[TCP]: Discard fuzzy SACK blocks

SACK processing code has been a sort of russian roulette as no validation of SACK blocks is previously attempted. Besides, it is not very clear what all kinds of broken SACK blocks really mean (e.g., one that has start and end sequence numbers reversed). So now close the roulette once and for all. Signed-off-by: Ilpo Järvinen <ilpo.jarvinen@helsinki.fi> Signed-off-by: David S. Miller <davem@davemloft.net>
author: Ilpo Järvinen <ilpo.jarvinen@helsinki.fi> 2007-08-25 01:54:44 -0400
committer: David S. Miller <davem@sunset.davemloft.net> 2007-10-10 19:48:29 -0400
commit: 5b3c98821a8753239aefc1c217409aa3e5c90787 (patch)
tree: 39d4d2bc47ad533cd084a900fa94542ef1b6e8bf /net/ipv4/tcp_input.c
parent: 6728e7dc3e577241f36921c720cfb4eb8f5aed1a (diff)
1 files changed, 82 insertions, 0 deletions
diff --git a/net/ipv4/tcp_input.c b/net/ipv4/tcp_input.c
index 0ead46f2bcd5..a2364ebf8585 100644
--- a/net/ipv4/tcp_input.c
+++ b/net/ipv4/tcp_input.c
@@ -1019,7 +1019,86 @@ static void tcp_update_reordering(struct sock *sk, const int metric,
 *    for retransmitted and already SACKed segment -> reordering..
 * Both of these heuristics are not used in Loss state, when we cannot
 * account for retransmits accurately.
+ *
+ * SACK block validation.
+ * ----------------------
+ *
+ * SACK block range validation checks that the received SACK block fits to
+ * the expected sequence limits, i.e., it is between SND.UNA and SND.NXT.
+ * Note that SND.UNA is not included to the range though being valid because
+ * it means that the receiver is rather inconsistent with itself (reports
+ * SACK reneging when it should advance SND.UNA).
+ *
+ * Implements also blockage to start_seq wrap-around. Problem lies in the
+ * fact that though start_seq (s) is before end_seq (i.e., not reversed),
+ * there's no guarantee that it will be before snd_nxt (n). The problem
+ * happens when start_seq resides between end_seq wrap (e_w) and snd_nxt
+ * wrap (s_w):
+ *
+ *         <- outs wnd ->                          <- wrapzone ->
+ *         u     e      n                         u_w   e_w  s n_w
+ *         |     |      |                          |     |   |  |
+ * |<------------+------+----- TCP seqno space --------------+---------->|
+ * ...-- <2^31 ->|                                           |<--------...
+ * ...---- >2^31 ------>|                                    |<--------...
+ *
+ * Current code wouldn't be vulnerable but it's better still to discard such
+ * crazy SACK blocks.
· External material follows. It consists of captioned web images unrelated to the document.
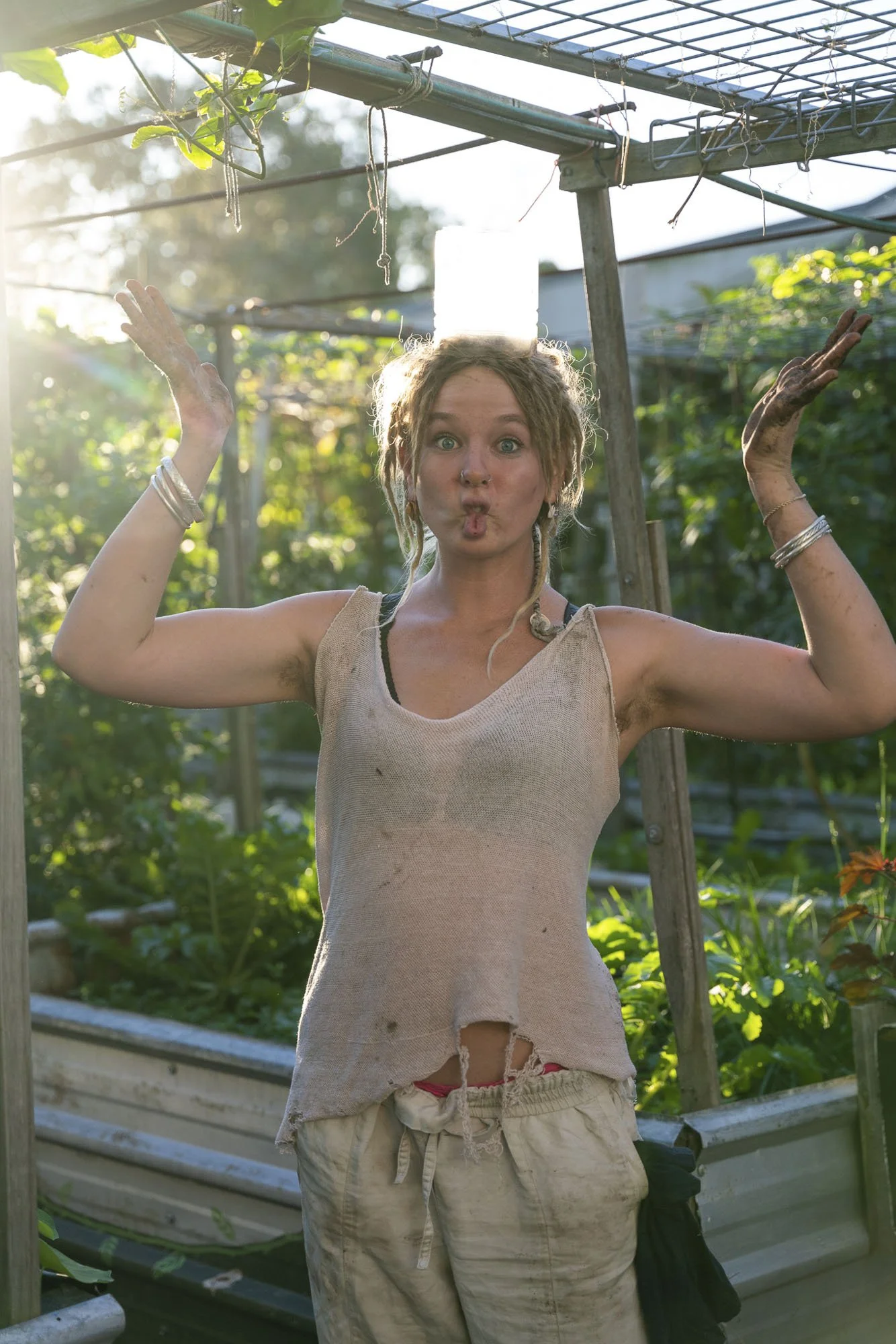 The Urban Farm - May 3, 2024-07.jpg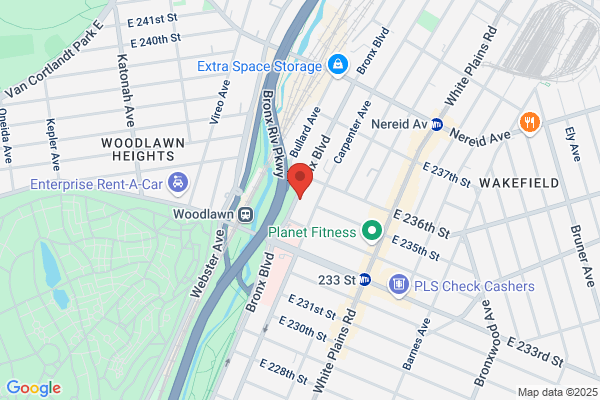 Boulevard Medical Healthcare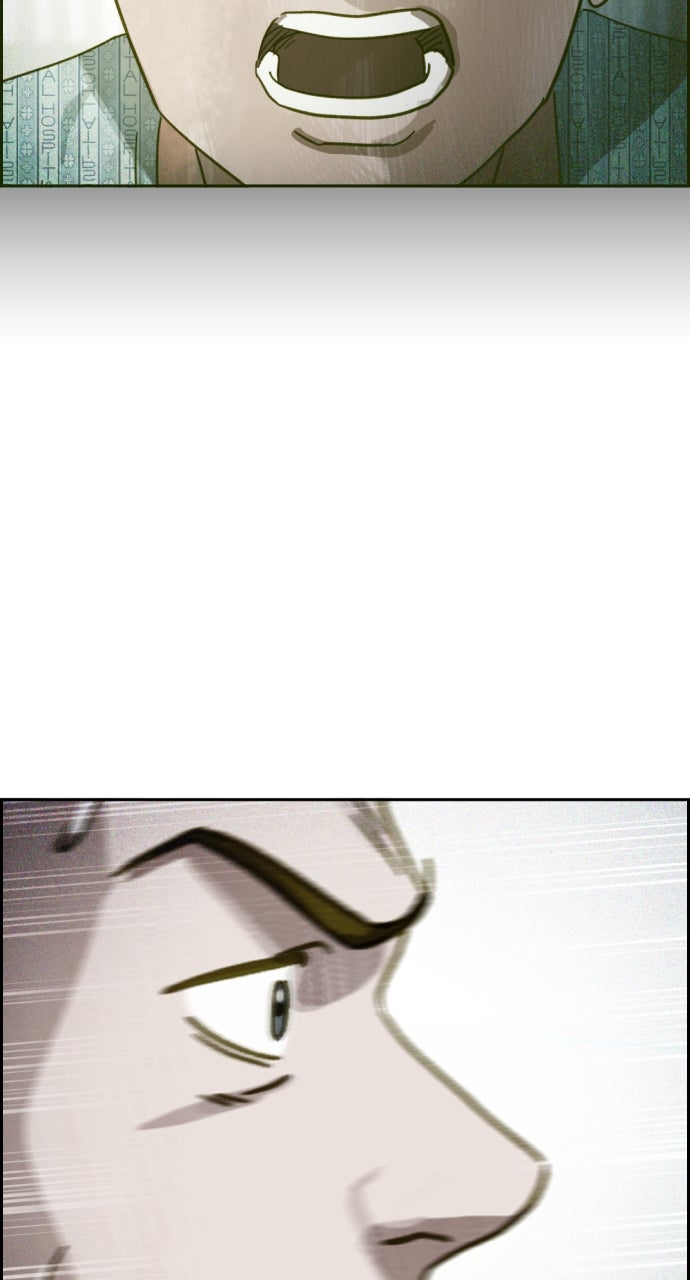 Read Day of Disaster EN Manga Online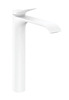 Valamusegisti Hansgrohe Vivenis 250 75040700, matt valge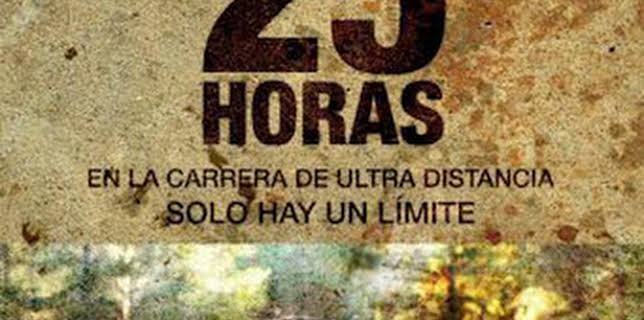 00:35: 25 horas | Aragón TV Int | 3/13 2026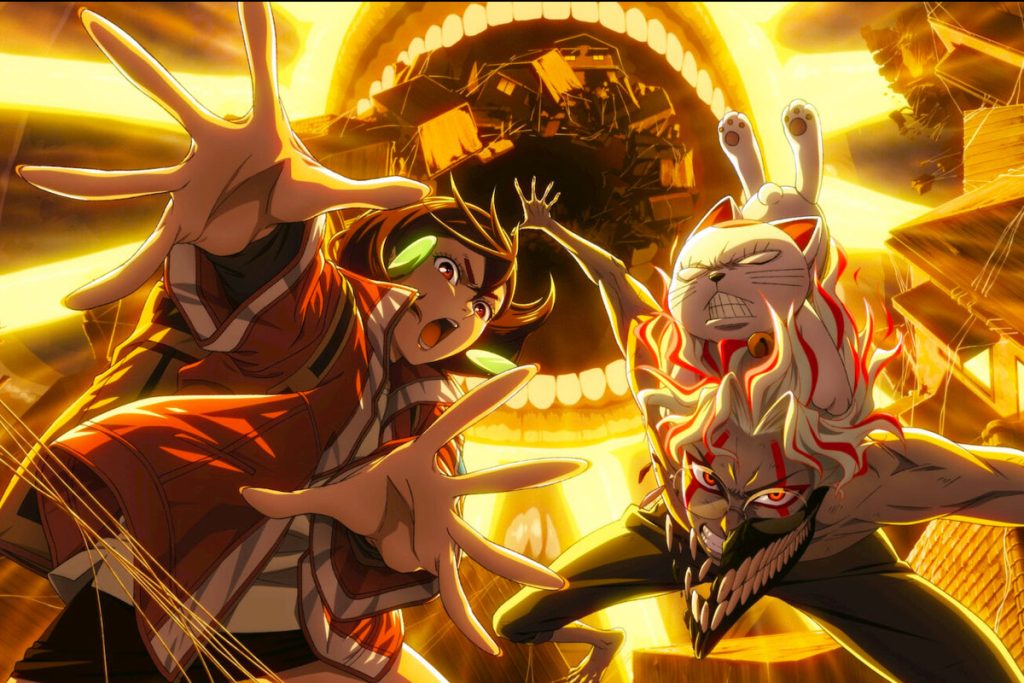 Dan-Da-Dan-(Season-2)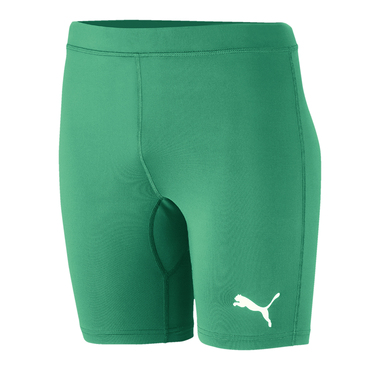 LIGA Baselayer Short Tight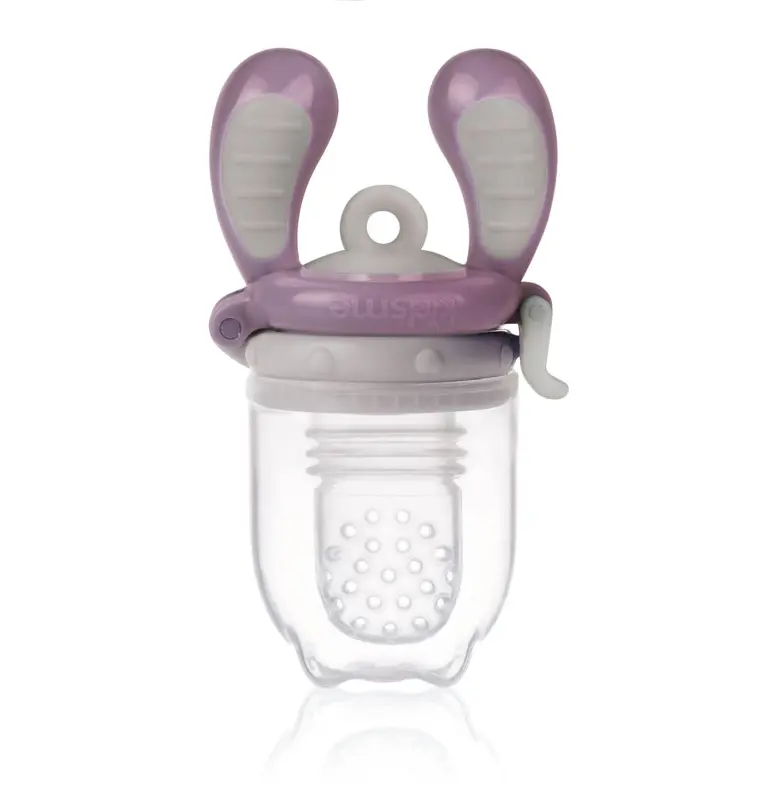 ILike Jaunums! Akcija! Kidsme Food Feeder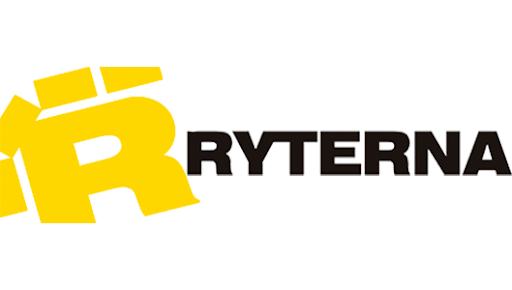 RYTERNA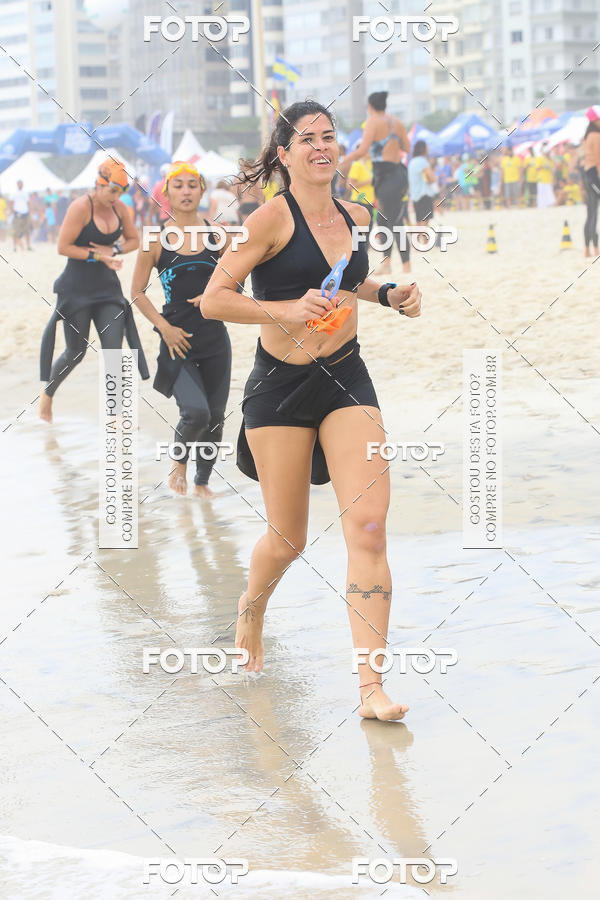 Buy your photos of the eventCircuito Petrobrs Rei e Rainha do Mar on Fotop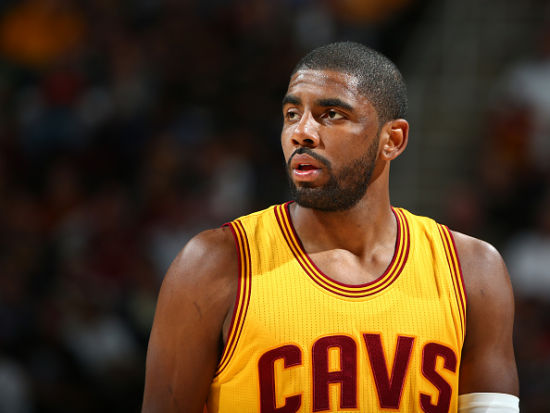 重要得分 重要得分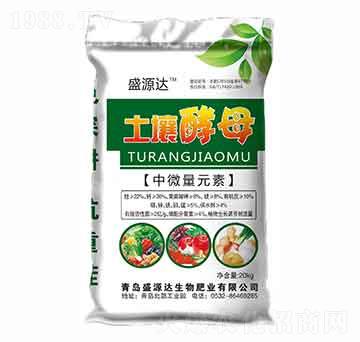 ������ĸ-��Դʢ�_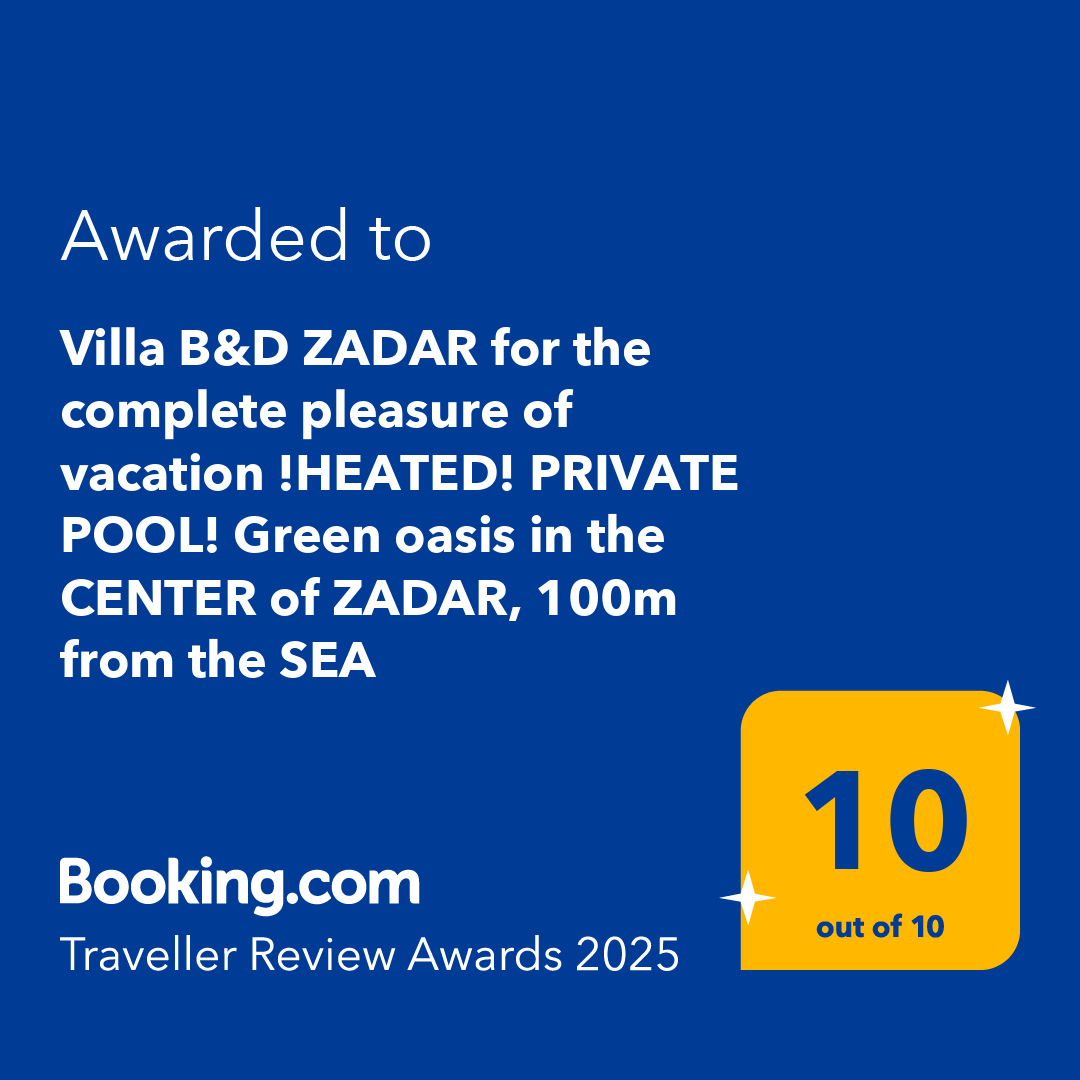 Digital-Award-TRA-2025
Doing this check for start_seq alone closes somewhat
+ * similar case (end_seq after snd_nxt wrap) as earlier reversed check in
+ * snd_nxt wrap -> snd_una region will then become "well defined", i.e.,
+ * equal to the ideal case (infinite seqno space without wrap caused issues).
+ *
+ * With D-SACK the lower bound is extended to cover sequence space below
+ * SND.UNA down to undo_marker, which is the last point of interest. Yet
+ * again, DSACK block must not to go across snd_una (for the same reason as
+ * for the normal SACK blocks, explained above). But there all simplicity
+ * ends, TCP might receive valid D-SACKs below that. As long as they reside
+ * fully below undo_marker they do not affect behavior in anyway and can
+ * therefore be safely ignored. In rare cases (which are more or less
+ * theoretical ones), the D-SACK will nicely cross that boundary due to skb
+ * fragmentation and packet reordering past skb's retransmission. To consider
+ * them correctly, the acceptable range must be extended even more though
+ * the exact amount is rather hard to quantify. However, tp->max_window can
+ * be used as an exaggerated estimate.
 */
+static int tcp_is_sackblock_valid(struct tcp_sock *tp, int is_dsack,
+                                  u32 start_seq, u32 end_seq)
+{
+        /* Too far in future, or reversed (interpretation is ambiguous) */
+        if (after(end_seq, tp->snd_nxt) || !before(start_seq, end_seq))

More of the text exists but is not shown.